Rasanya bahagia jika antar saudara kandung bisa hidup rukun
bersama. Ini adalah kerinduan setiap orangtua. Namun kenyataannya, anak-anak
yang tinggal dalam satu rumah pasti akan mengalami sibling rivalry.
Sibling rivalry bisa diartikan sebagai kompetisi antar
saudara kandung, baik antar saudara kandung yang berjenis kelamin sama ataupun
berbeda. Kompetisi ini bisa berwujud rasa iri hati atau cemburu, persaingan dan
juga pertengkaran. Bersaing untuk mendapatkan sesuatu, seperti perhatian
orangtua atau mainan baru. Bisa juga bersaing untuk membuktikan sesuatu,
seperti berusaha menjadi yang paling berprestasi dalam keluarga, menjadi yang
paling disayang oleh orangtua, paling banyak teman, dan lain-lain.
Sibling rivalry bisa mulai terlihat saat hadirnya sang adik.
Ada anak yang menunjukkan sikap senang dengan hadirnya sang adik, tetapi banyak
yang mulai menunjukkan sikap makin rewel atau semakin tidak mau berpisah dengan
ibunya. Ia merasa tidak lagi menjadi yang paling istimewa, karena perhatian
orangtua tercurah pada adiknya, waktu bermainnya dengan orang tua berkurang dan
keinginannya tidak lagi paling diutamakan.
Persaingan bisa pula berlanjut sampai dewasa, hanya saja
berbeda bentuknya. Saat masih anak-anak, yang diperebutkan adalah berebut
mainan atau waktu bersama dengan orangtua. Beranjak remaja, bisa muncul karena
merasa tugas dan perannya tidak adil dengan yang lainnya, misalnya orangtua
dianggap berlebihan atau tidak adil dalam membagi tugas. Contoh: kakak marah
karena dia ditugaskan membersihkan meja makan, sementara adiknya boleh langsung
menonton TV.
Menjelang dewasa, persaingan bisa berbentuk usaha untuk
menjadi “lebih” daripada saudara kandungnya, saling memperlihatkan prestasi
yang telah dicapai masing-masing dan ingin menunjukkan keunikan diri sendiri.

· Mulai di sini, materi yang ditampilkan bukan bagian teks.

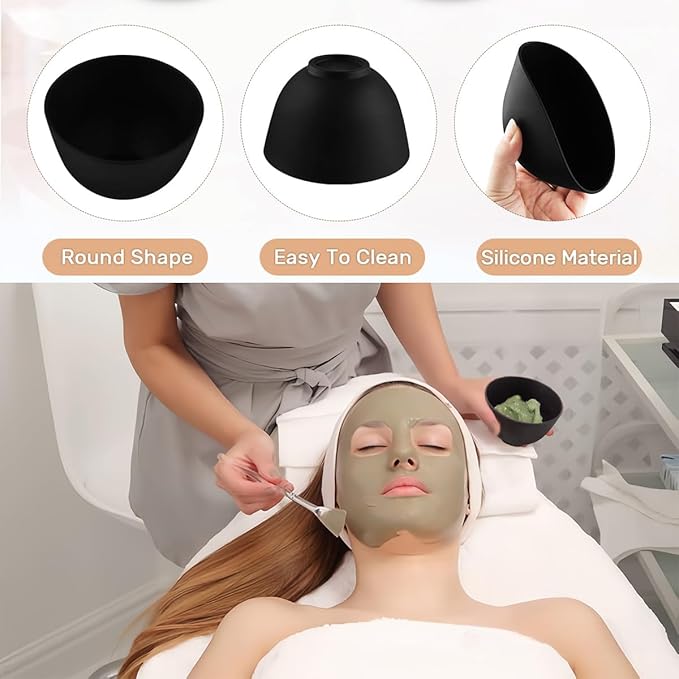 8 Piece Silicone Mixing Bowl Set, 3.93-Inch Microwaveable Silicone Bowls, Facial Bowls for Aestheticians, for Facial Masks, Mud Masks and Other Skin Care Products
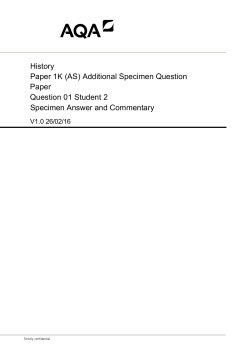 AS History Specimen answer and commentary Paper 1K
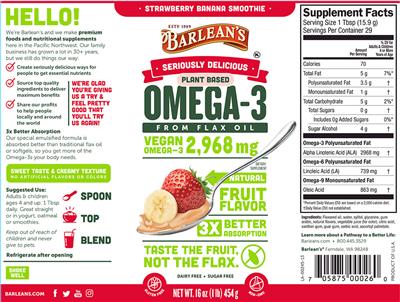 Photo of the Barlean's Seriously Delicious Omega-3 Strawberry Banana Smoothie label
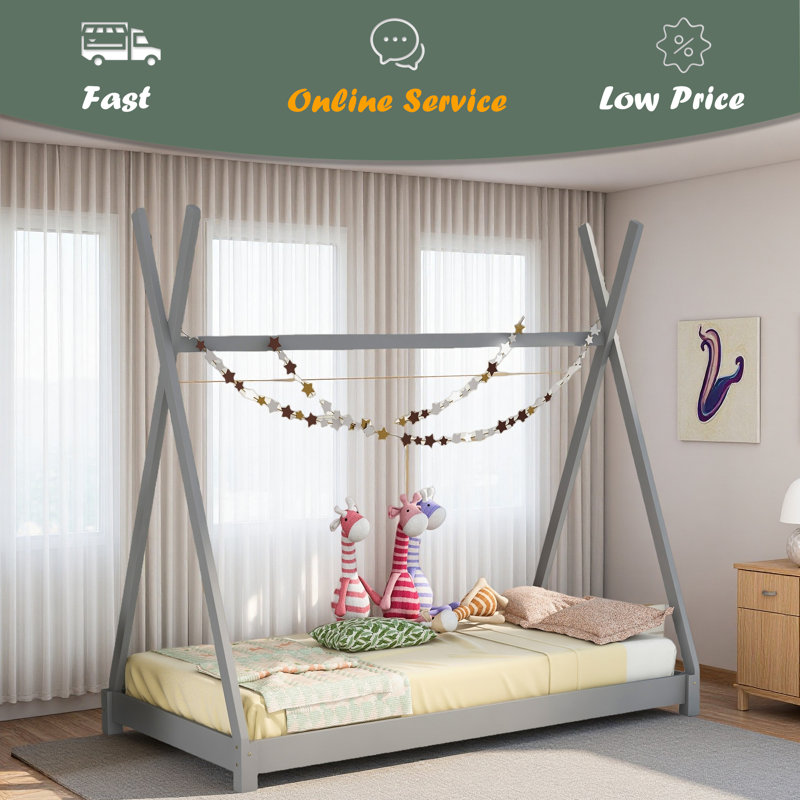 Lit plateforme simple avec structure triangulaire, Gris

Hal yang dimulai dengan rasa iri hati atau persaingan, bisa
berlanjut dengan permusuhan yang mempengaruhi hubungan antar saudara dengan
munculnya berbagai pertentangan dengan saudara kandung. Seringkali muncul
berupa tingkah laku dengan sikap agresif pada orangtua dan saudaranya, perilaku
yang tidak taat pada orangtua, mengkritik, mengadu, tidak mau mengalah dengan
saudara, mencari perhatian secara berlebihan. Bisa juga mengakibatkan anak
menjadi minder dan menarik diri, karena merasa orangtua lebih memenuhi
kebutuhan saudaranya daripada dirinya.
Sebenarnya wajar jika muncul persaingan antar saudara kandung.
Semua saudara kandung pasti pernah berkelahi dan bertengkar kecil. Tetapi perlu
mendapat perhatian lebih lanjut dan penanganan orangtua apabila :
Konflik yang terus menerus dan semakin meningkat.
Perdebatan yang memuncak. Misalnya : mengejek dengan sebutan,
berteriak, atau memaki.
Sikap agresif seperti menyerang, mencakar, memukul,
menendang, meninju.
Permusuhan yang semakin besar, seperti saling merusak barang
milik saudaranya atau merusak hubungan satu dengan yang lain.
Kondisi emosional yang memburuk. Yaitu salah satu atau
keduangan merasa tidak disayang atau merasa di-anak tirikan.
Nah, orangtua memegang peran penting meminimalkan dampak
persaingan antar saudara kandung agar dapat diatasi dengan baik. Bagaimana caranya?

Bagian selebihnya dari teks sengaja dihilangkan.